What was exceptional about Nandalal was his aesthetic integrity and his abiding vision. This vision identified the world as it is, the environment of nature, with the inner environment of mind and imagination. To Nandalal humanity was only a part of the Universal life and art, therefore, nature was re-experienced or revealed, a natural manifestation. Because of this implicit commitment, this cardinal concept, the best of Nandalal's works embody the spontaneity and explicitness of sentient life. The landscape is identifiable with nature as it manifests rhythm, the inherent principle of nature. Trees, birds in flight, the undulation of the land, distances, atmosphere, the mood project not only a pictorial reality but an emotive response as well. The delineation is direct at the same time it is interpretative and sensitive. (R. Bartholomew, 'Preface', Nandalal Bose Centenary Volume, New Delhi, 1983, p. 5)

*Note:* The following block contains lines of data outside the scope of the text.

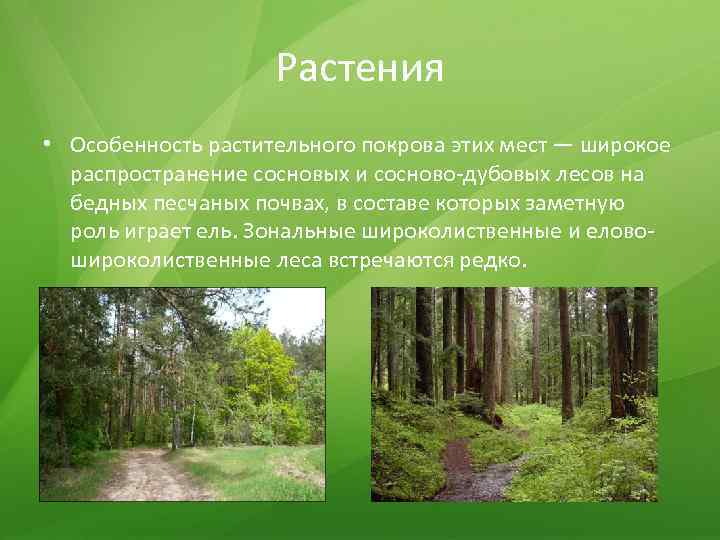 Особенности смешанных и широколиственных лесов. Особенности растительного Покрова лесов. Характеристика растительного Покрова. Особенности растений в лесу. Растительный Покров это кратко.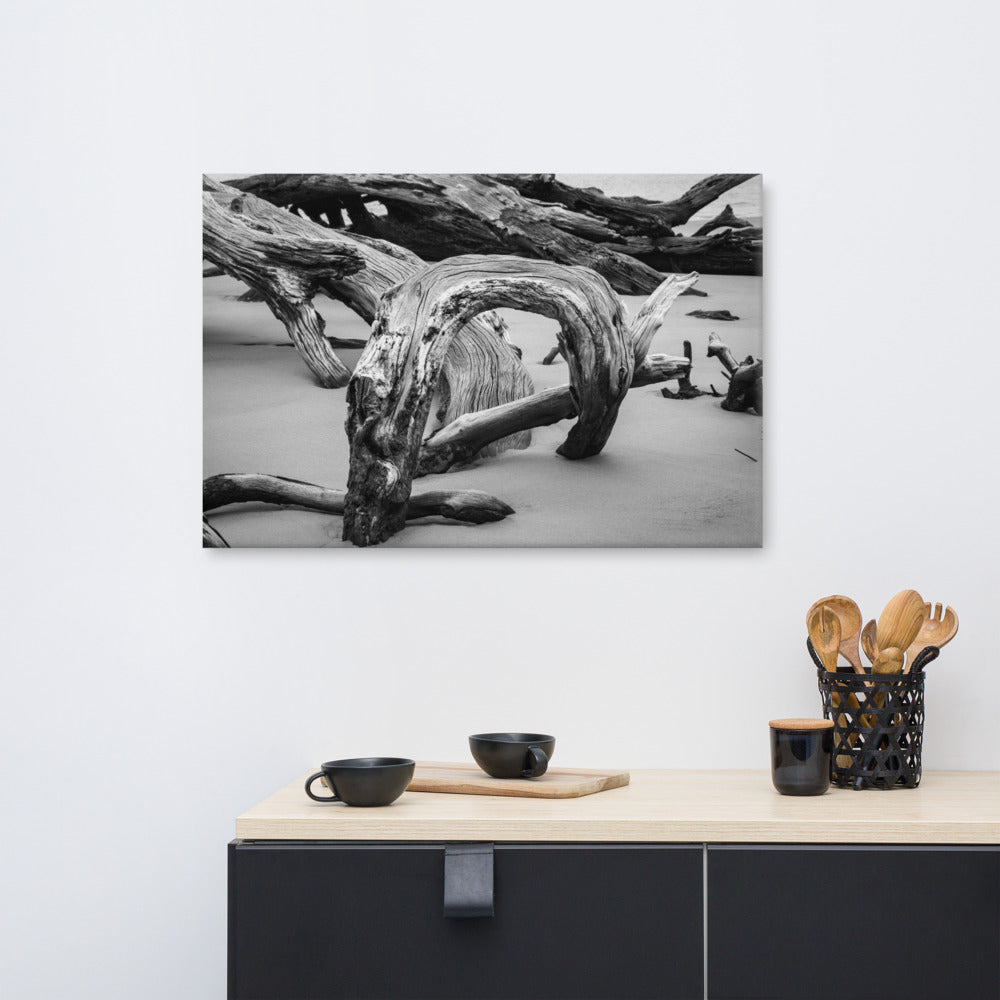 Tropical Beach Art Prints: Dead Tree Boneyard Beach Florida 5 Black and White Rustic Landscape Photo Canvas Wall Art Print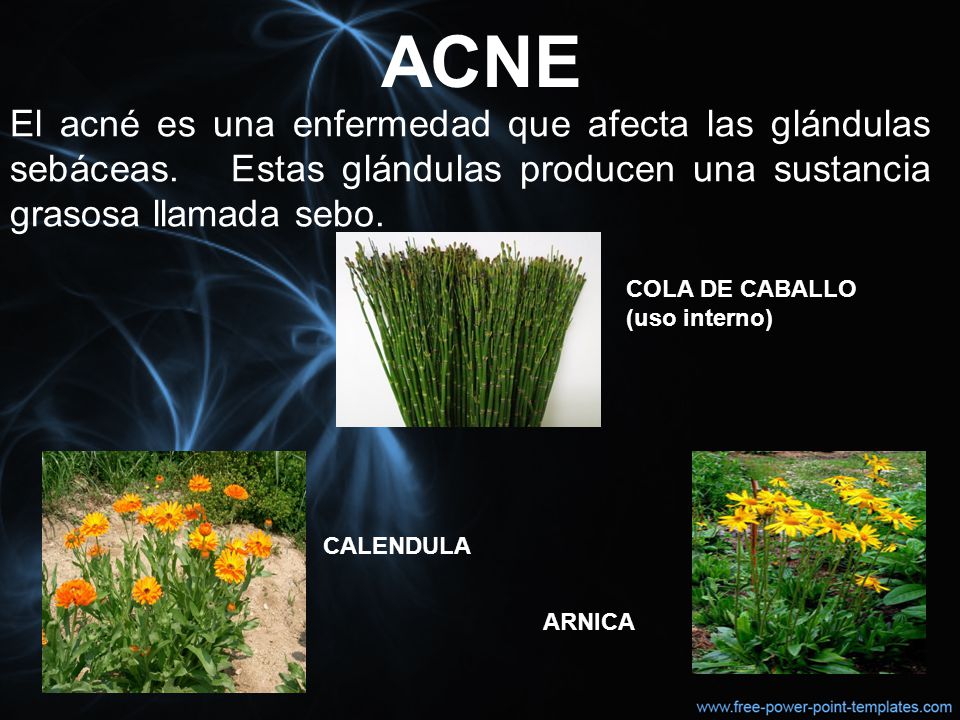 ACNE El acné es una enfermedad que afecta las glándulas sebáceas. Estas glándulas producen una sustancia grasosa llamada sebo.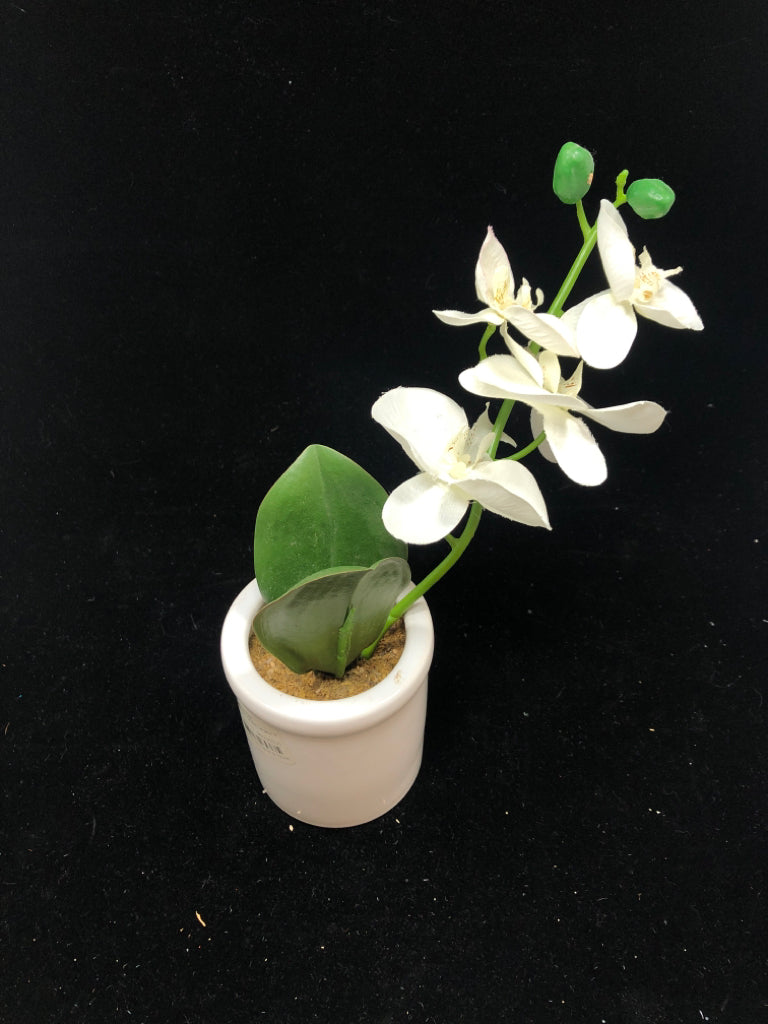 FAUX ORCHID IN WHITE POT.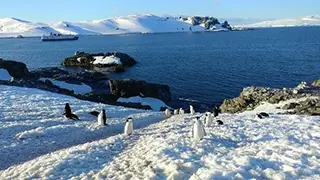 Image de King George Island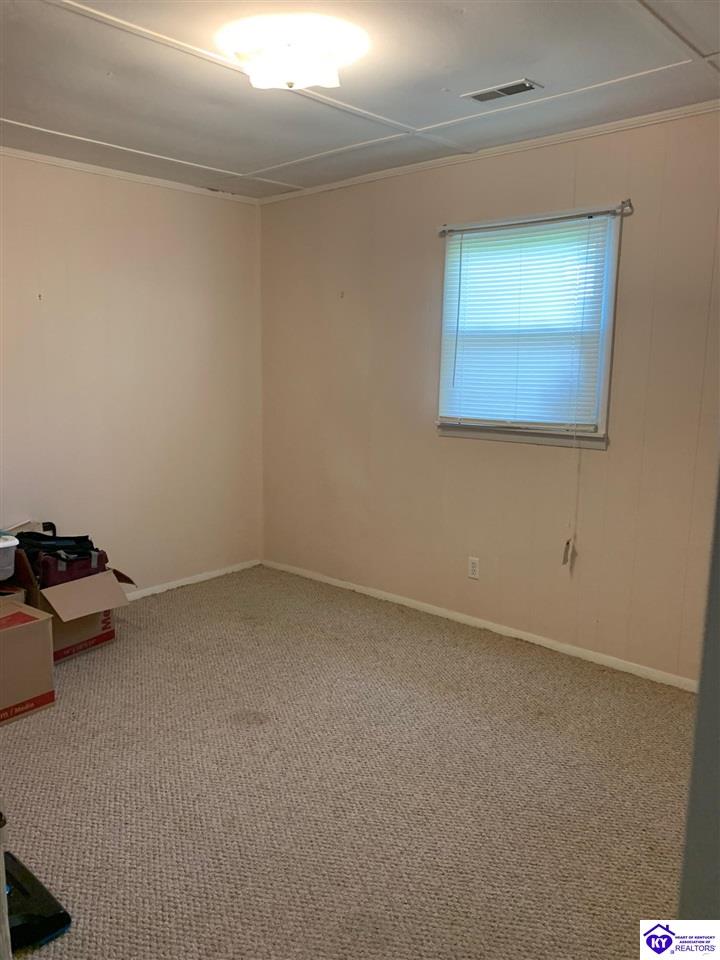 Listing Picture 5925 Haysville Road Guston, KY 40142 MLS HK10052056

A significant body of work depicting landscapes by Nandalal are inspired by the Japanese Sumi-e style of ink-painting. He was first exposed to the Sumi-e through the relationships and exposure to artists and scholars visiting the Tagore family from Japan. Okakura Kakuzo came to India and spent a year between 1901-02 and came back for the second time in 1912 when he gifted Nandalal a stick of ink from Japan. Yokoyama Taikan and Hishida Shunso came to India from Japan to undertake a mural commissioned by the King of Tripura in 1903 and were guests of the Tagore family. Rabindranath Tagore went to Japan in 1916 for the first time and later revisited the country in 1924 along with Nandalal. The artist's friendship with Arai Kampo from Japan further underscored his love for the Sumi-e. However, it was only towards the end of his life that Nandalal created most of his paintings of landscape in this style. He depicted scenes from nature that he conjured from memory. His visit to Puri inspired the paintings of the waves capturing the frolicking and yet forceful nature of water. The spirituality of his earlier works makes way to something which is subtly pervasive in these Sumi-e paintings - intensely personal and inward looking.

"Some of his last works recall from memory old images with a new kind of detachment and freedom and are abstract in the best sense of the word; spots of ink insinuate various visual facts, like lotus leaves on water, or flight of birds in the air without being too specific; loops of line build images of movements of cloud or water, now matted and dense, now open and free, now gay, now sad and moody." (K. G. Subramanyan, 'Nandalal Bose: A Biographical Sketch,' Nandalal Bose (1882-1966) Centenary Exhibition, New Delhi, 1983, p. 25)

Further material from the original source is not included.